PROMPT:
What needs reproducing is the run of lines in the data below starting at the line with "Honda FIT 2013-12 8795949-3" and ending at the line with "６７２８３　郡上市八幡町島谷中古戸建の和室", both ends included. Copy it exactly, without pictures, and add nothing.
**** STORED DATA ****
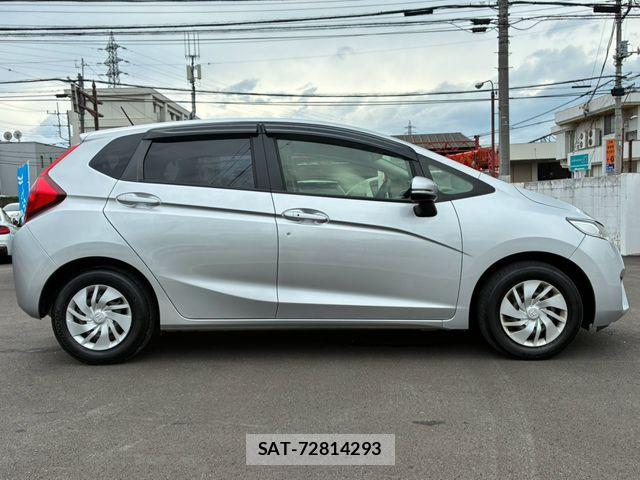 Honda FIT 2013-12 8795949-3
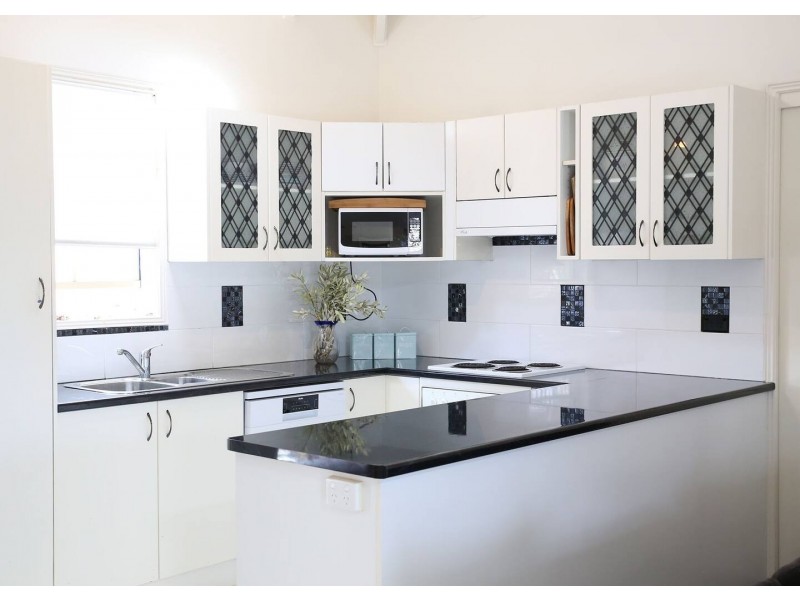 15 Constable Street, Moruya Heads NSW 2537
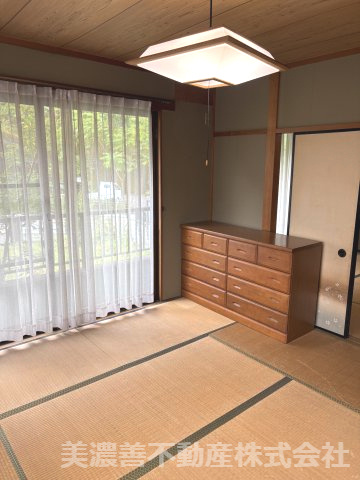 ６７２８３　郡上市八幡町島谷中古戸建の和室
****
**** STORED DATA ****
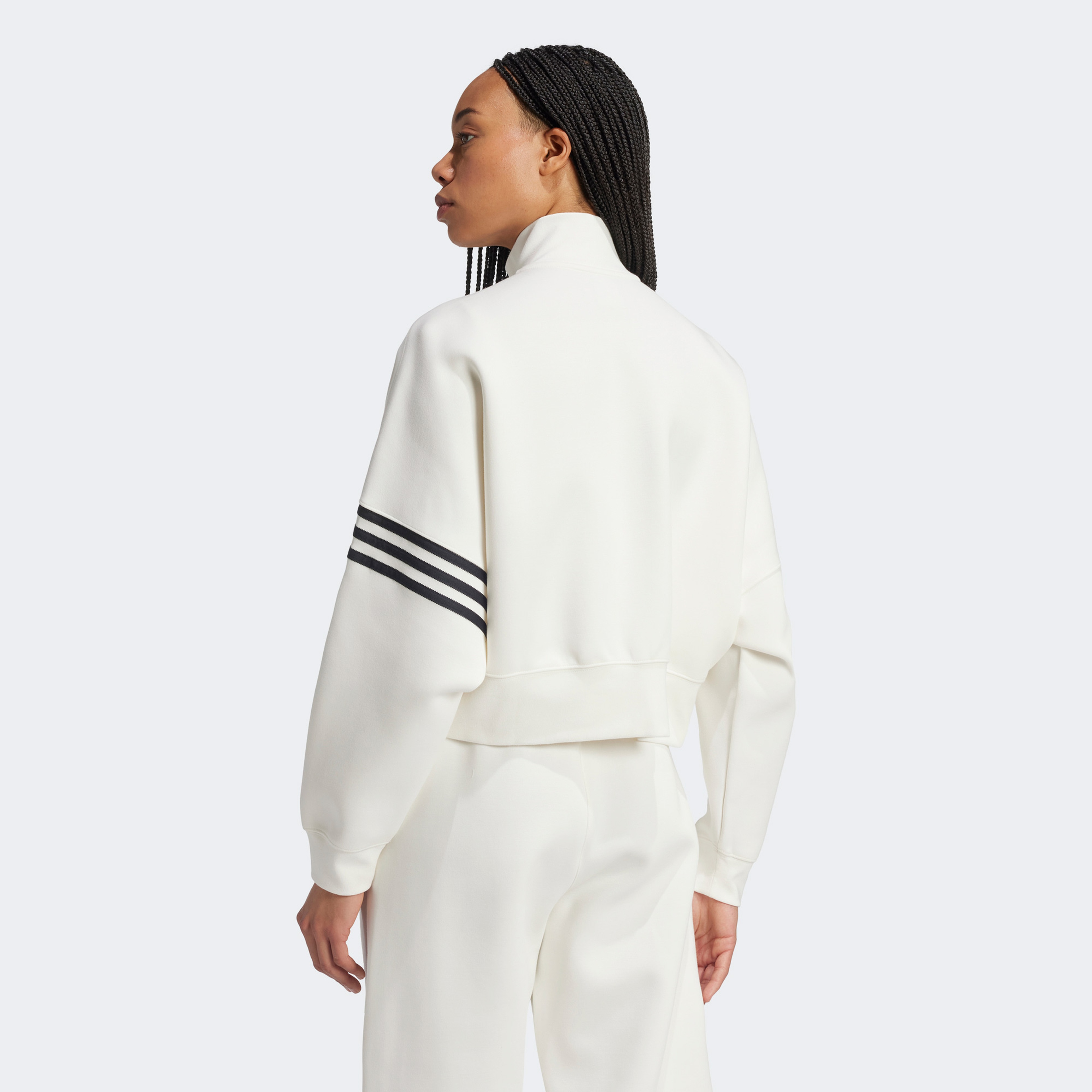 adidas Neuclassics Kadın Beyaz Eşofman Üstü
****
**** STORED DATA ****
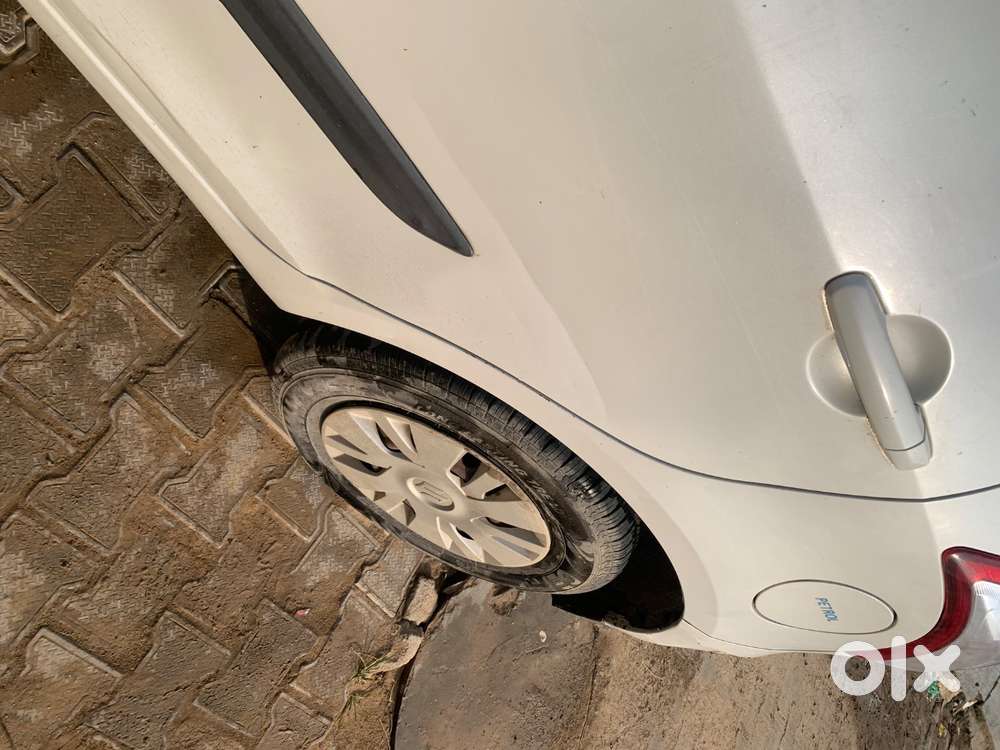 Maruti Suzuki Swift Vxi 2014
****
WORKED SOLUTION:
 Honda FIT 2013-12 8795949-3
 15 Constable Street, Moruya Heads NSW 2537
 ６７２８３　郡上市八幡町島谷中古戸建の和室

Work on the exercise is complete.